Sie plädieren wegen der Datenlage daher nicht nur dafür, den Start des Fonds um ein Jahr zu verschieben, sondern zusätzlich für einige Jahre das alte Finanzierungssystem über unterschiedliche Kassenbeiträge beizubehalten und den Fonds zunächst nur im Computermodell zu erproben. Dabei üben die Gutachter auch grundsätzliche Kritik am Gesundheitsfonds. Er führe zwar vordergründig zu einer gerechten Gleichverteilung der Beitragsgelder und des Steuerzuschusses auf alle Krankenkassen. Die Folge sei aber eine Nivellierung der Gesundheitsversorgung.

Bundesländer, die etwa wegen höherer Kosten für Mieten oder die Lebenshaltung gezwungen seien, Ärzte besser zu bezahlen, müssten an anderer Stelle sparen und das Leistungsspektrum einschränken.
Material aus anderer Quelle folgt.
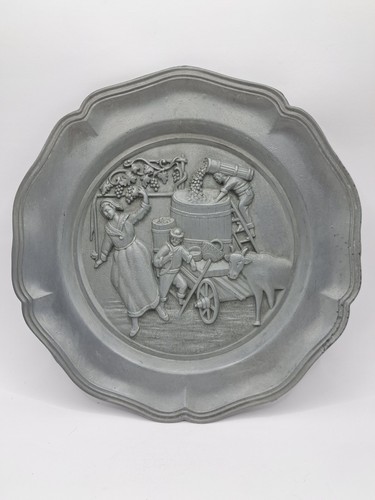 Vintage zink wandteller relief - vintage,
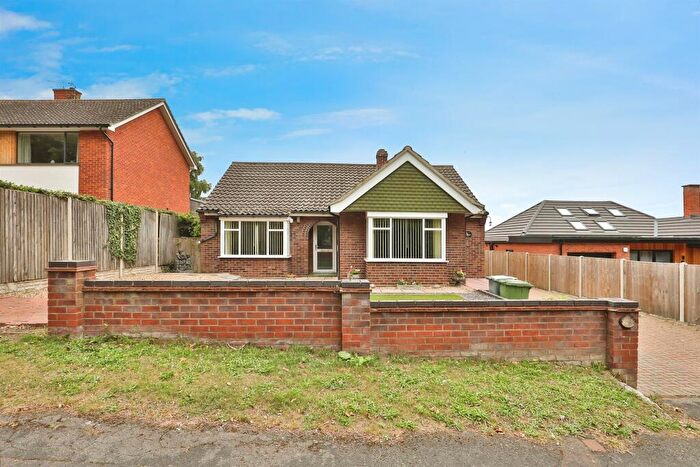 3 Bedroom Detached Bungalow For Sale In Hilly Plantation, Norwich, NR7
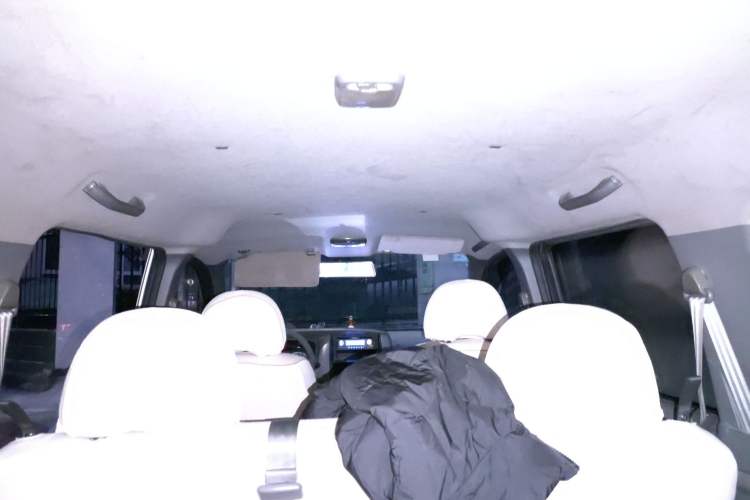 Used Dongfeng Shuaike 2013 1.5L Manual Standard Model 7-Seater China V Standard Headliner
Auf lange Sicht erzwinge der Fonds trotz Konvergenzklausel eine Vereinheitlichung der Leistungen und würge damit jeden ökonomisch sinnvollen Wettbewerb um das beste Angebot ab.

Gesundheitsministerin Schmidt hat das Datenproblem offenbar längst erkannt. Sie bot der bayerischen CSU, die im Landtagswahlkampf steht, gerade an, Belastungen durch den Fonds, die über 100 Mill. Euro hinausgehen, erst 2020 - also im Nachhinein - aus Steuermitteln auszugleichen. "Das wird mit uns nicht zu machen sein", konterte Bayerns Sozialministerin Stewens: "Wir brauchen das Geld 2009 um unsere Ärzte zu bezahlen."

Auch Baden-Württembergs Sozialministerin Monika Stolz (CDU) besteht auf einer sauberen Umsetzung der Konvergenzklausel: "Im Gesetz steht, dass die Bundesregierung den Nachteilsausgleich für den Gesundheitsfonds in einer Rechtsverordnung zu regeln hat, der die Länder im Bundesrat zustimmen müssen", sagte eine Sprecherin. "Darauf bestehen wir."